● Task goal
Reproduce the listing that follows in full. Omit its images.

____

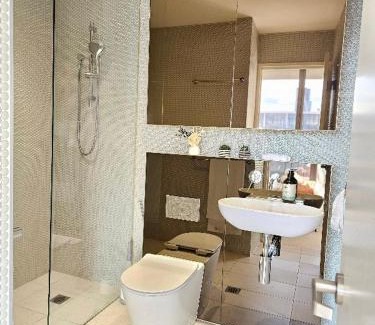Parramatta Apartment | Luxury Condo 2Bedrooms near Olympic Park CBD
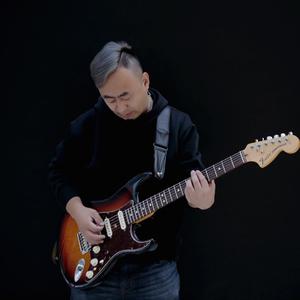 多想在平庸的生活拥抱你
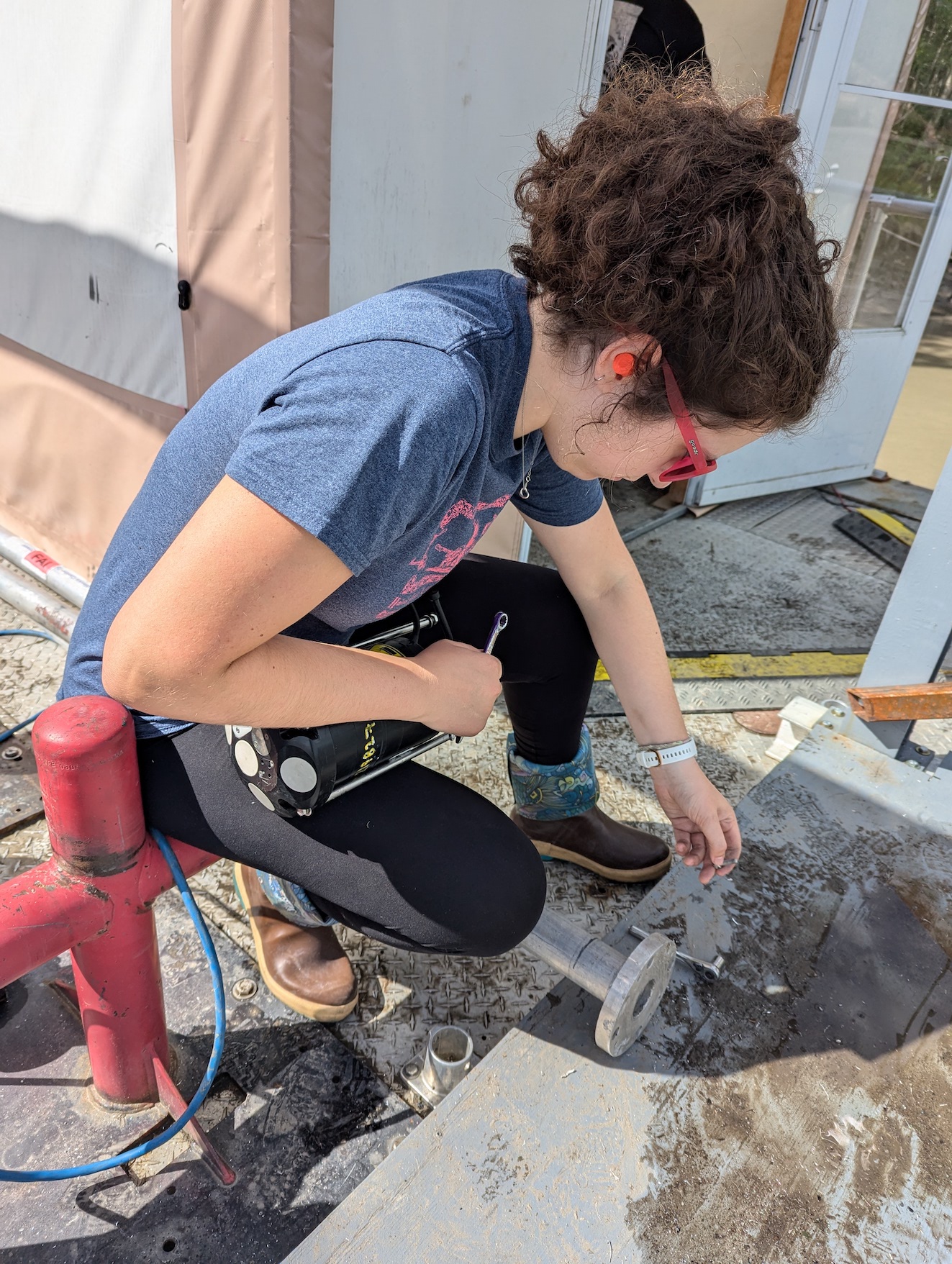 ACEP summer intern Lydia Andriesen mounts a Nortek acoustic doppler current profiler 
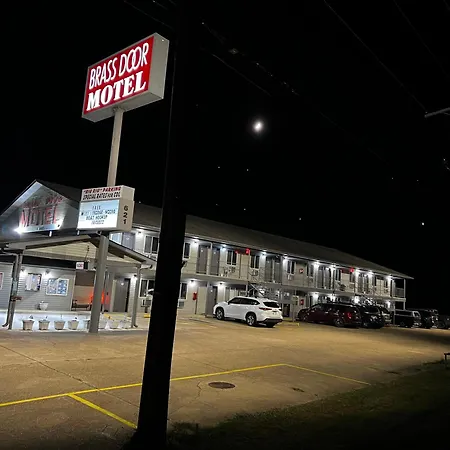 Brass Door Motel-3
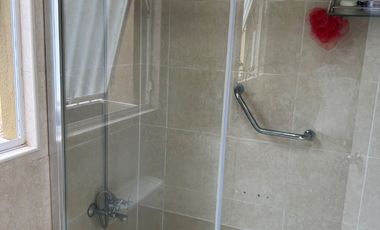 CASA EN VENTA | 4 DORMITORIOS - 3 BAÑOS - 4 ESTACIONAMIENTOS | FALDEOS DE CURAUMA - AV. LAS TABLAS / PARIS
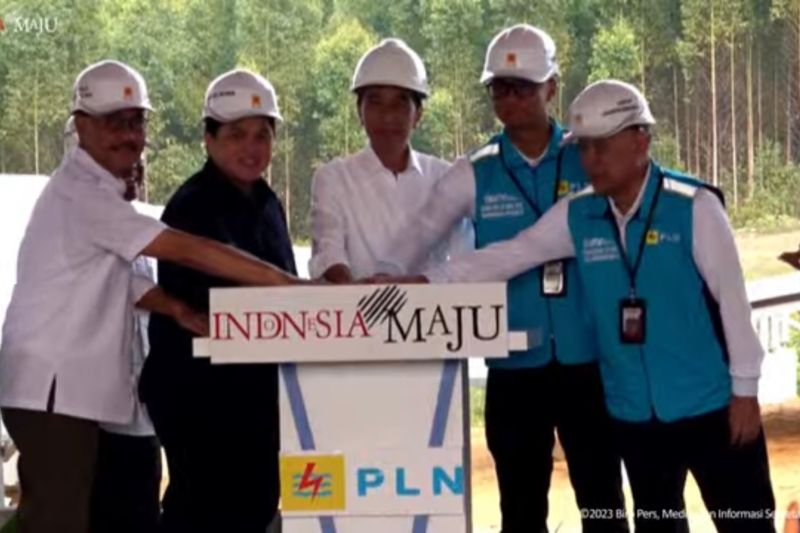 Jokowi katakan PLTS di IKN mampu kurangi 104 ribu ton emisi karbon tiap tahun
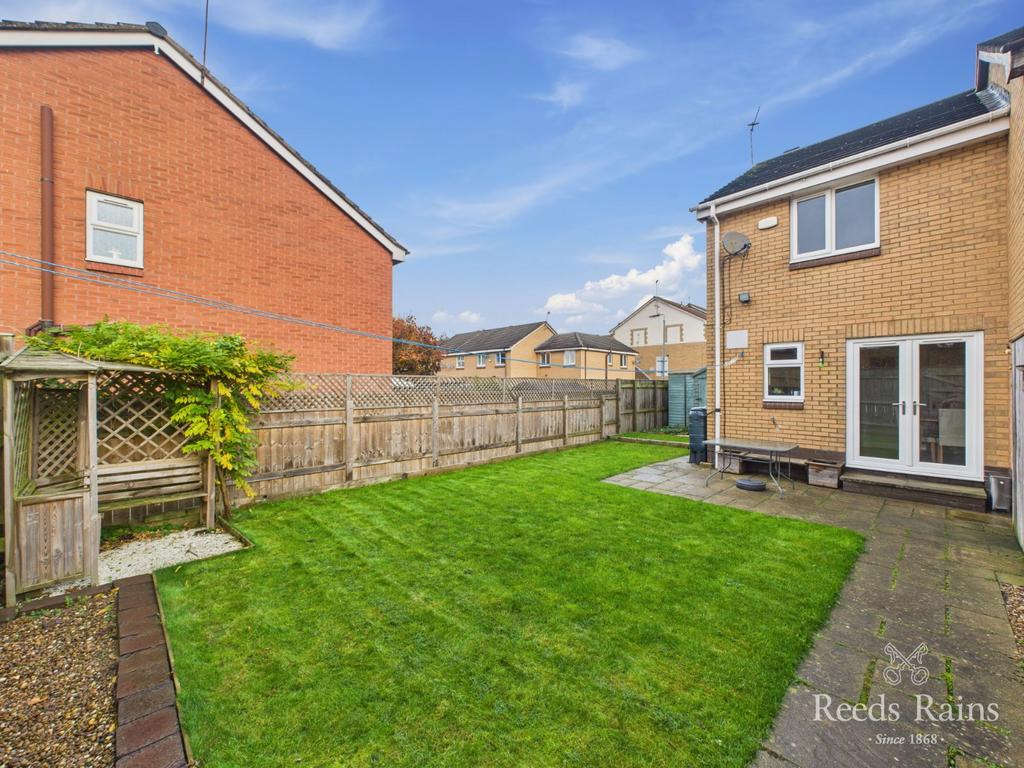Side/Rear Garden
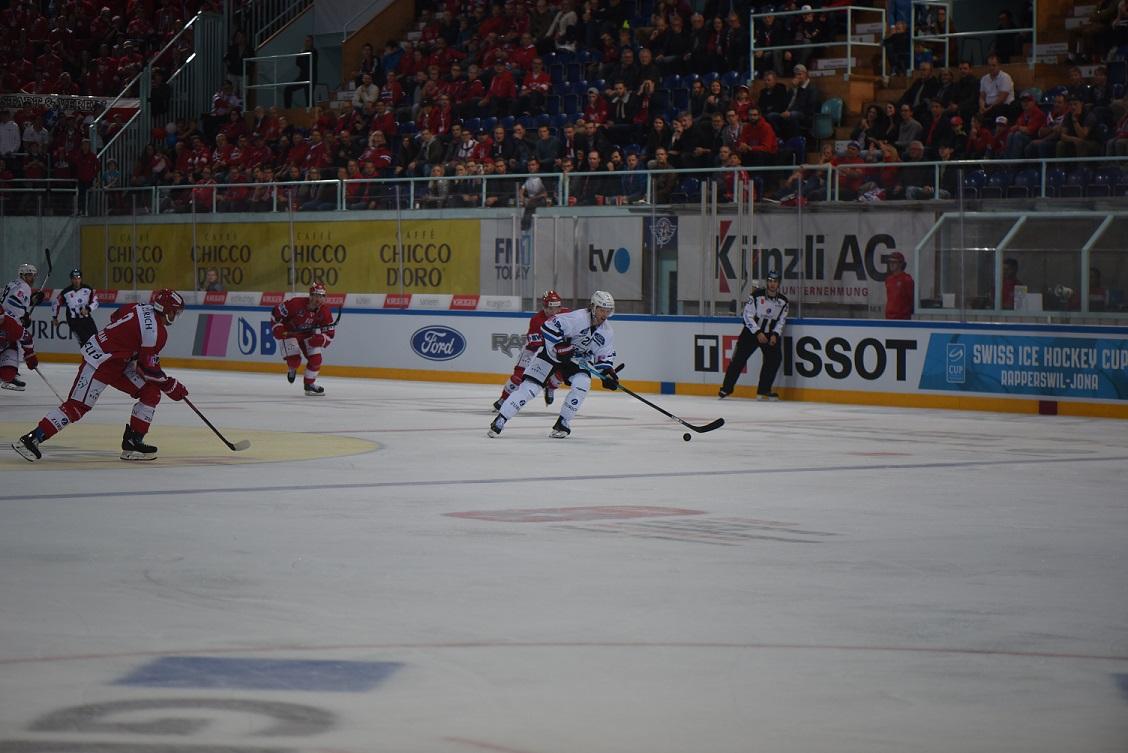 Rapperswil-Jona 4 - 2 Fribourg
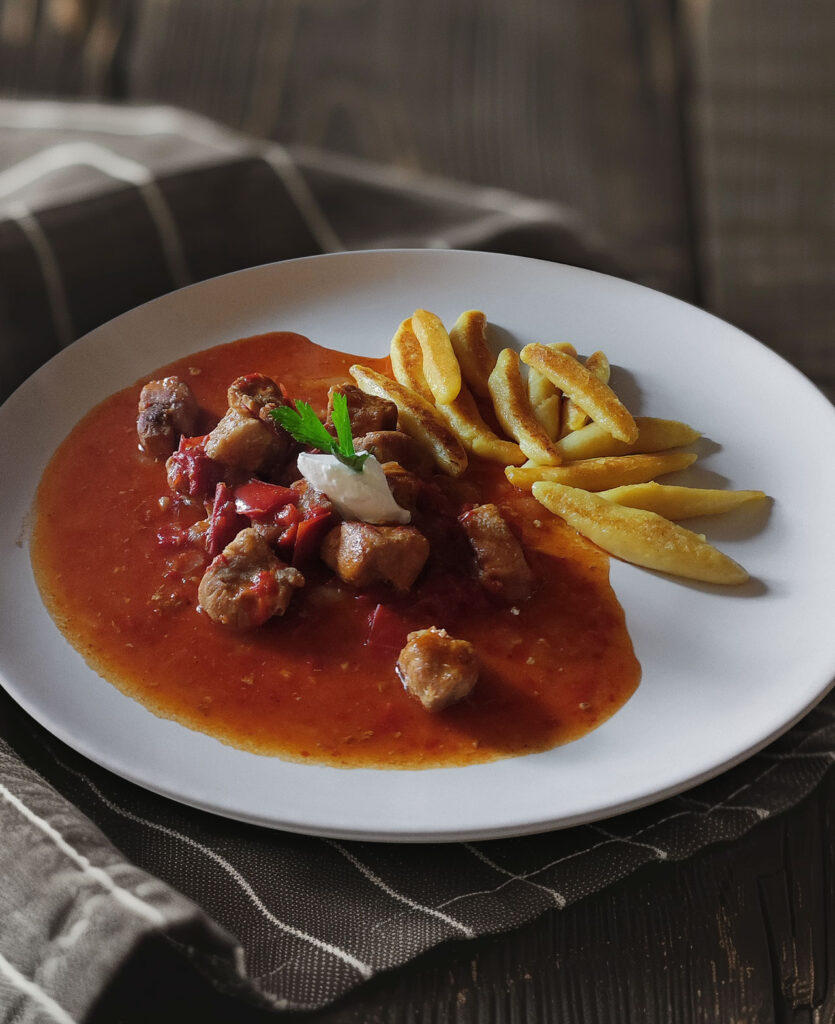 Gulasch mit Schupfnudeln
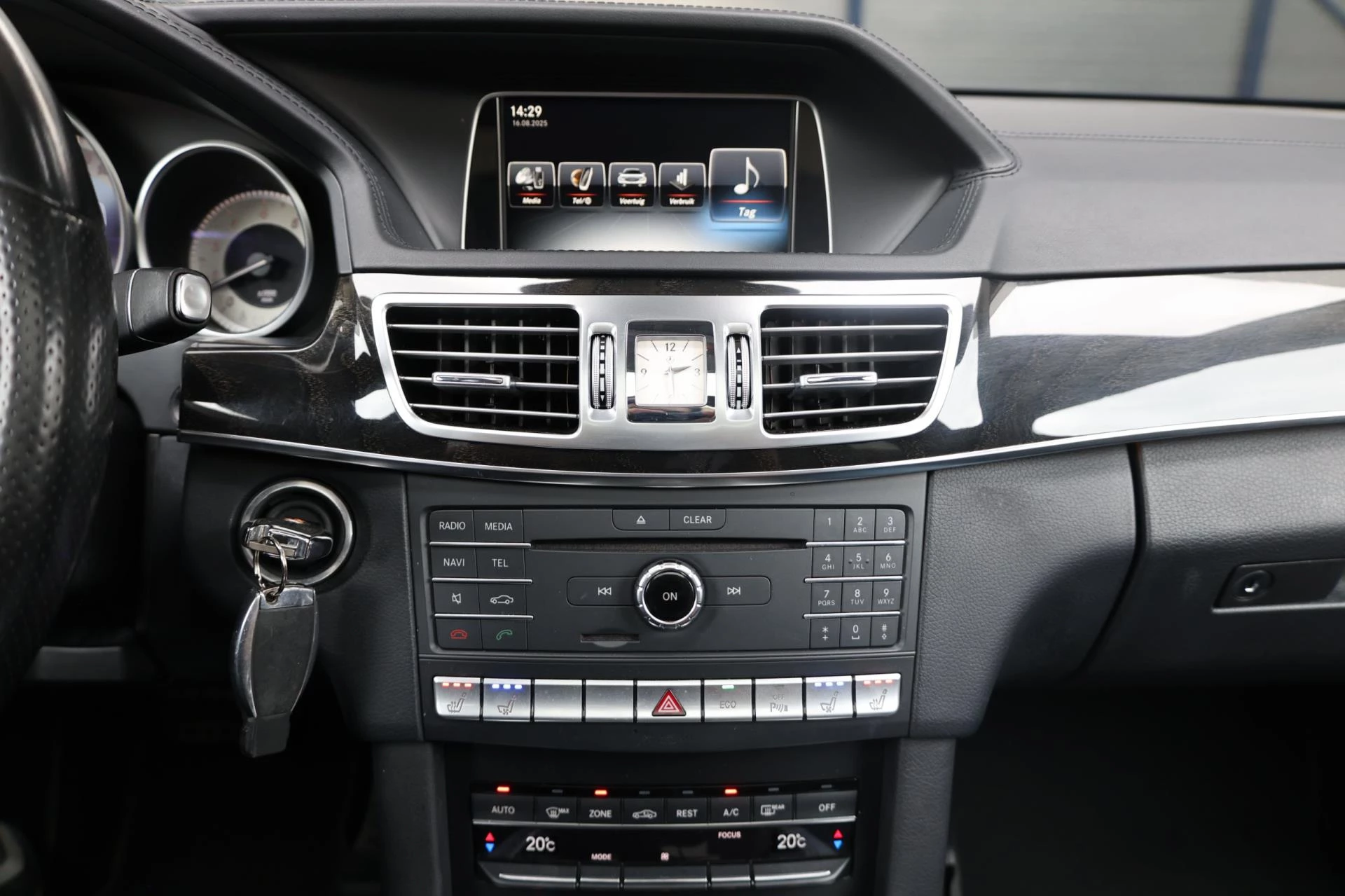 Hoofdafbeelding Mercedes-Benz E-Klasse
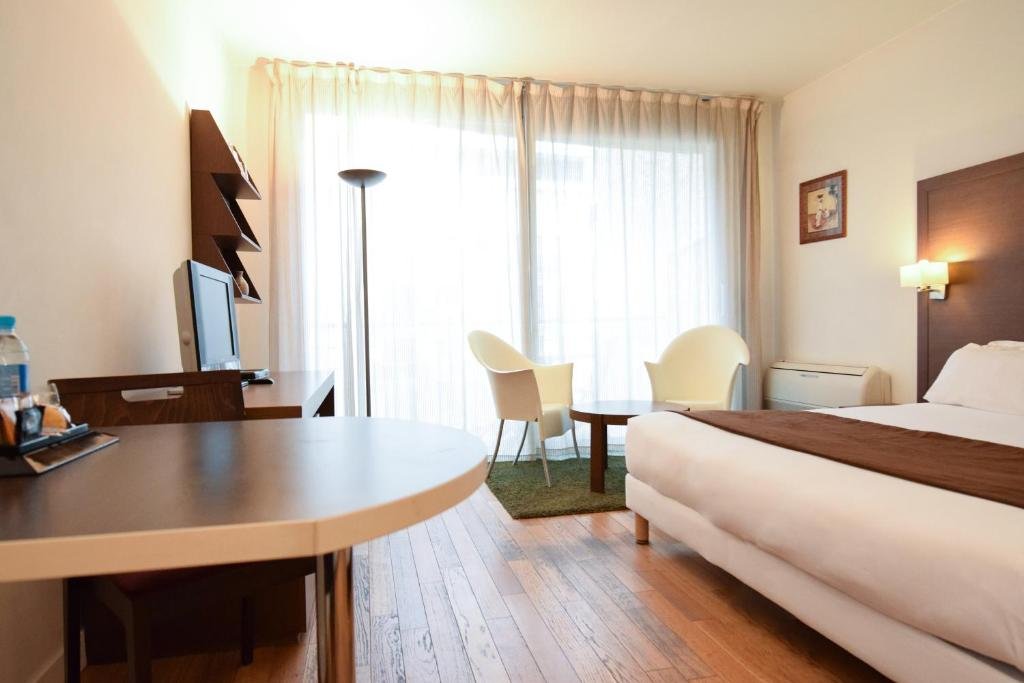 Residhotel Impérial Rennequin 8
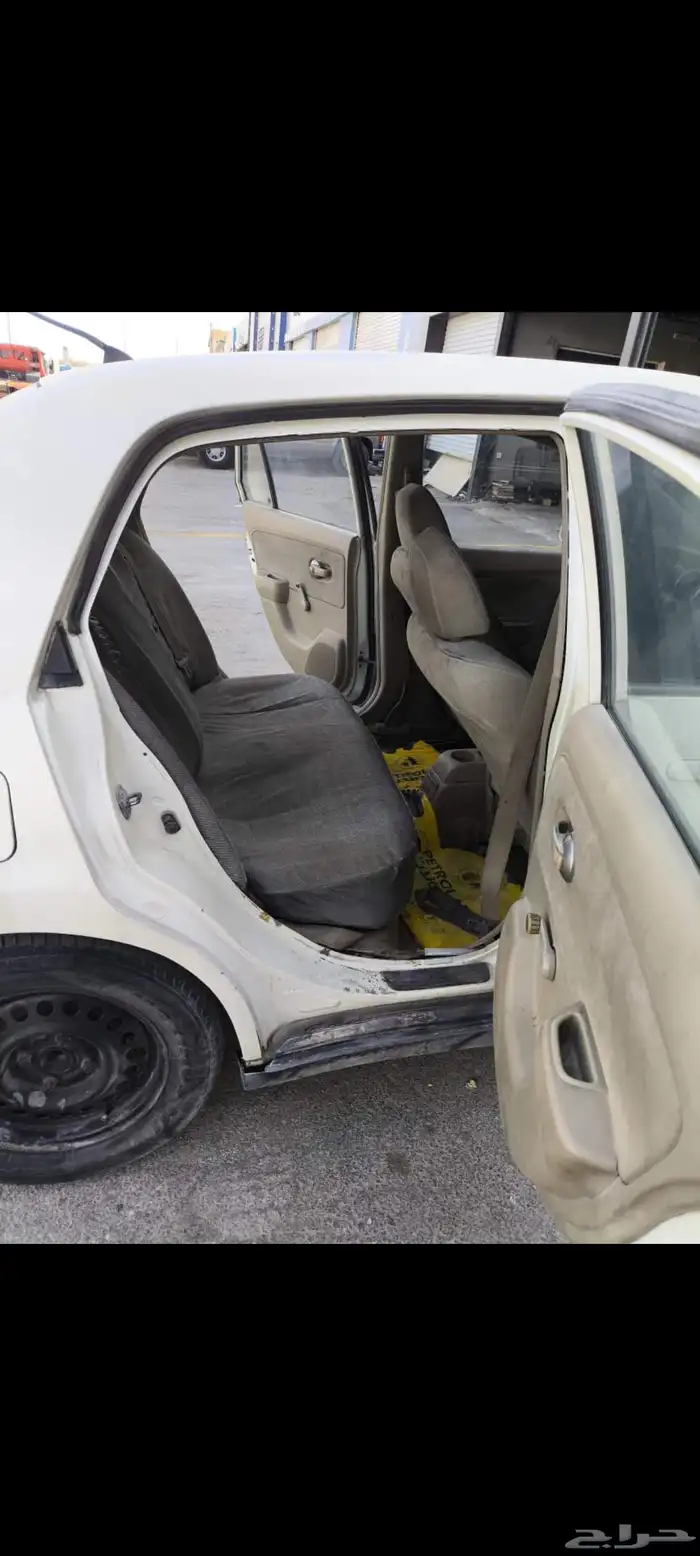Nissan Tiida 7
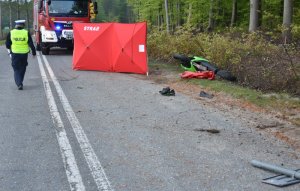 wypadek z udziałem motocyklisty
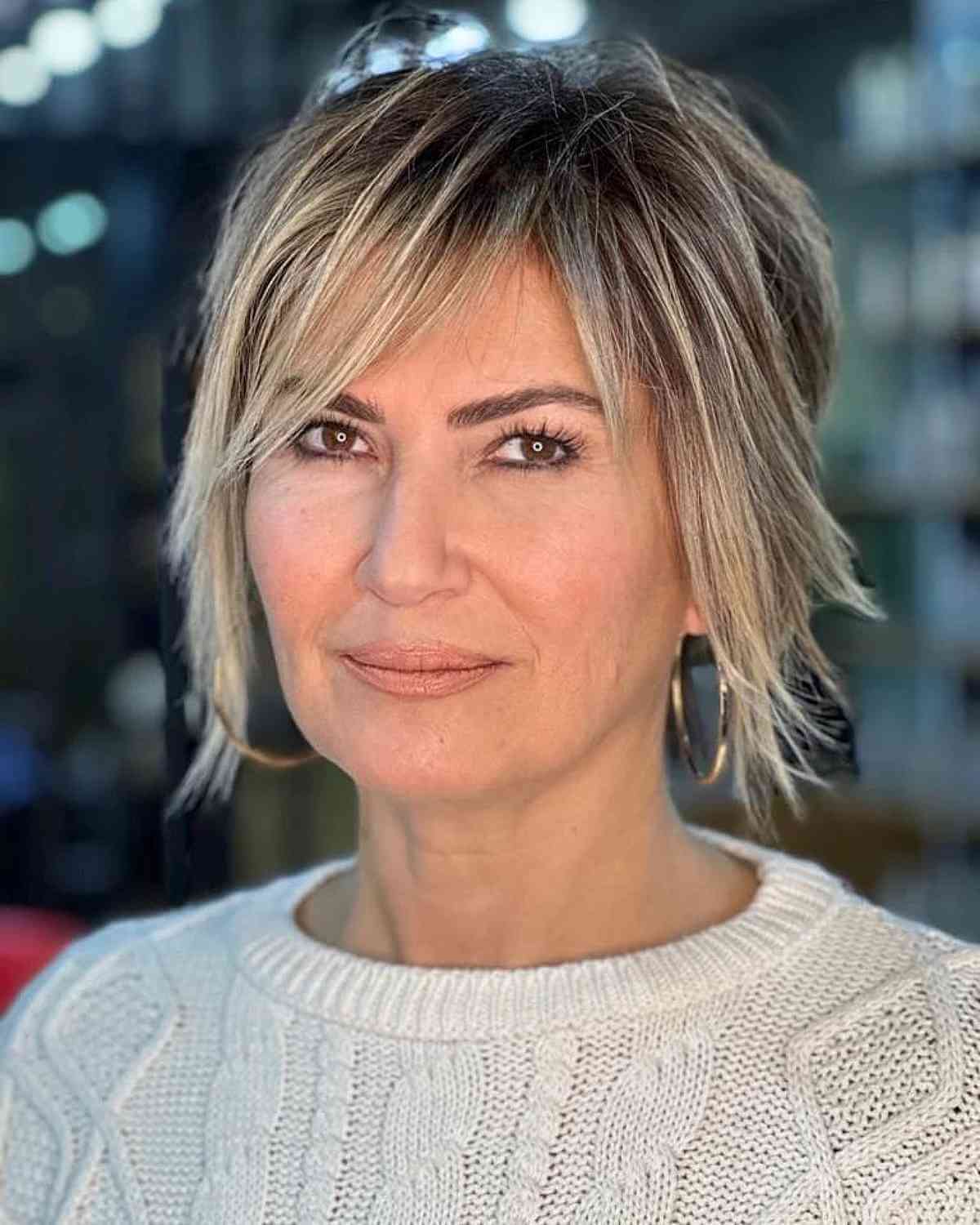 21 Modern Shaggy Hairstyles for Women Over 50 with Fine Hair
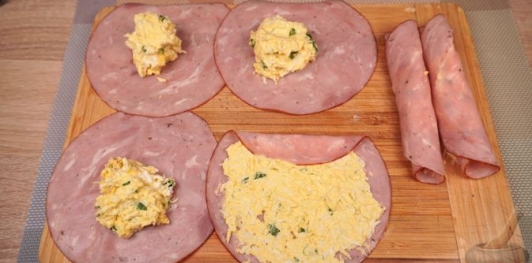 Фото приготовления рецепта: Рулетики из ветчины, с яйцами и хреном - шаг №6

____

● Solution below
Parramatta Apartment | Luxury Condo 2Bedrooms near Olympic Park CBD
 多想在平庸的生活拥抱你
 ACEP summer intern Lydia Andriesen mounts a Nortek acoustic doppler current profiler 
 Brass Door Motel-3
 CASA EN VENTA | 4 DORMITORIOS - 3 BAÑOS - 4 ESTACIONAMIENTOS | FALDEOS DE CURAUMA - AV. LAS TABLAS / PARIS
 Jokowi katakan PLTS di IKN mampu kurangi 104 ribu ton emisi karbon tiap tahun
Side/Rear Garden
 Rapperswil-Jona 4 - 2 Fribourg
 Gulasch mit Schupfnudeln
 Hoofdafbeelding Mercedes-Benz E-Klasse
 Residhotel Impérial Rennequin 8
Nissan Tiida 7
 wypadek z udziałem motocyklisty
 21 Modern Shaggy Hairstyles for Women Over 50 with Fine Hair
 Фото приготовления рецепта: Рулетики из ветчины, с яйцами и хреном - шаг №6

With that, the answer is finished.